Money Matters (Selected Part of Letters from Aunt Evelyn), conceptual art by Barton Lidice Benes, 1982.
This is an article that I thought I would never write. When I first started
working as a physical therapist, I worked for a big hospital in Manhattan. I
never had to think about insurance, because basically the hospital accepted
every type of insurance there was! In fact, these were the days when there was
no such thing as a co-payment. When co-pays did come along, for many years the
hospital never attempted to collect the 5 to 10 dollars per visit. But that was
17 years ago, and a lot has changed now.
Things really started to
change after Obama care. I not saying that I am either for or against Obama
care, I am just saying that things are very different now. For example, in
order to have insurance, many families are choosing insurance where the
deductible is 5 to 6 thousand dollars per year! This means that the patient has
to pay the first 5 or 6 thousand dollars in medical services, thus meeting
their deductible, before their physical therapy services are covered. In
addition, the person usually has a co-pay required at each physical therapy
session, which can be as high as 50 to 75 dollars per visit with some plans.
Take the time to consider these factors when choosing your insurance needs.
At Equinox Physical Therapy, we check a patient’s insurance benefits before
they even arrive for their first visit. I am a standard Medicare Part B
provider for out-patient physical therapy services. That means that I accept
standard Medicare Part B because I am committed to treating people over 65
years of age who have balance problems, dizziness, vertigo, falls, inner ear
problems, concussion, or facial paralysis. I don’t want my Medicare patients to
fall and break a hip, when I know that I can help them to enjoy their
retirement in sunny Sarasota, Florida, and live a long and healthy life!
Medicare pays 80% for out patient physical therapy services, and most people
have a secondary insurance that covers all or part of the remaining 20% of the
bill.
As far as other types of insurance, I see patients who do not have Medicare,
but some other type of insurance, and in these cases I am classified as an
“out-of-network” physical therapy provider. Because I am not a major hospital,
I cannot accept every insurance under the sun, because it would be too much for
my small practice to manage.
Why would someone come to me, an out-of-network provider, when they could see
someone in-network instead? That should be your next question. The reasons are
probably many. When I see a private insurance patient, they pay me, and then I
give them the papers they need to submit their physical therapy bills to their
insurance company. Then, their insurance company will reimburse the patient
directly for whatever their out-of-network physical therapy benefits are. The
patient calls their insurance company to verify their benefits before they even
step inside my door.

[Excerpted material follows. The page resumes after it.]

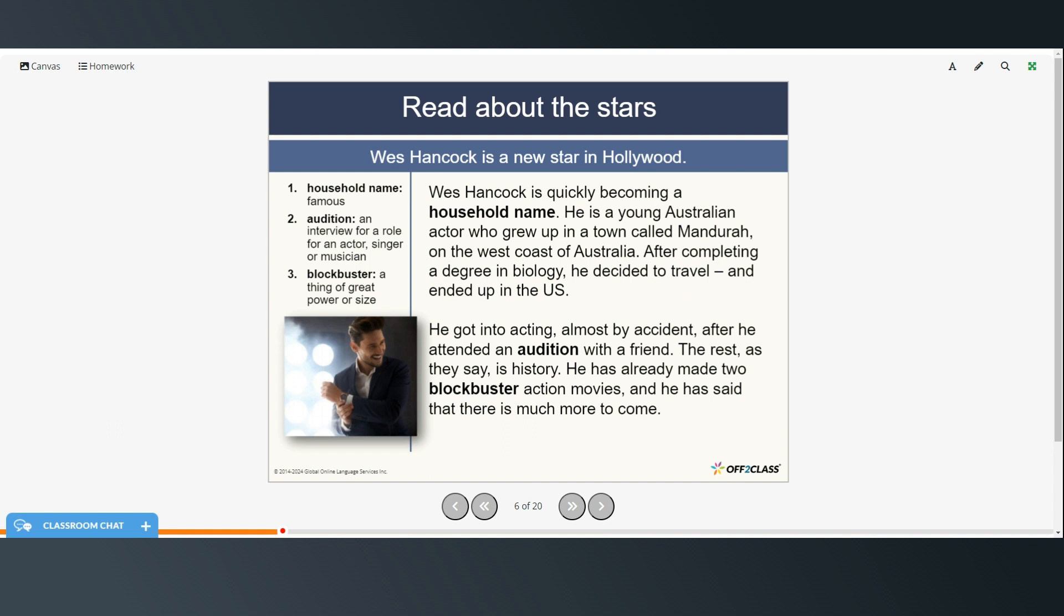So Wes Hancock is a new star in Hollywood. You can pause the video and read on your own or you can follow along as I read. Wes Hancock is quickly becoming a household name. He is a young Australian actor who grew up in a town called Mandura on the west coast of Australia. After completing a degree in biology he decided to travel and ended up in the US. He got into acting almost by accident after he attended an audition with a friend. The rest as they say is history. He has already made two blockbuster action movies and he said that there is much more to come.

They know exactly the percentage that their insurance
company will reimburse them, and the percentage that they will have to pay of
the remaining bill.
Again, why would someone come to me instead of going to his or her “in-network”
provider? For one thing, many of these patients have BPPV, a condition that
causes vertigo and seriously interferes with their ability to work, or function
properly. With this condition, it usually goes away if treated properly in 2-6
sessions. So, it is not such a big expense to come see me. If they have a big
deductible, they will have to pay either way. At least if they come to see me,
they know they are being seen by someone who treats this problem 3-4 times a
day, as opposed to someone who has little experience, or only treats this
problem occasionally. For patients with conditions that take longer to treat,
they come to me because they know that their chances of having a good outcome
are enhanced if they have the best possible therapist that their money can buy,
because again, they still have to pay the large deductible either way. Other
patients come to me because I am a specialist in treating inner ear disorders,
concussion, falls, dizziness, and facial paralysis, and their “in-network”
therapists are not.
Another point to consider is the co-payment. Because I am out of network, I do not collect a co-payment. For those patients whose co-payments are 50 to 75 dollars per visit, the difference between their co-payment and what they have to pay me may be the same, or not much more.
If you are considering going out of network for your out-patient physical therapy services, here are a list of questions that you should ask your insurance company to help you decide if going out of network is right for you or your loved one. One thing to remember is that you, the patient, have the right to receive services from any physical therapist you choose.
TOP 4 QUESTIONS
REGARDING OUT-OF-NETWORK PHYSICAL THERAPY BENEFITS
1. Do I have out-of-network physical therapy benefits? If not, what does that
mean?
2. Am I eligible to receive direct reimbursement from the insurance company for
my physical therapy visits?
3. What percentage of the money I paid at my physical therapy visit will you,
the insurance company, reimburse?
4. Do I have an out-of-network deductible to meet first?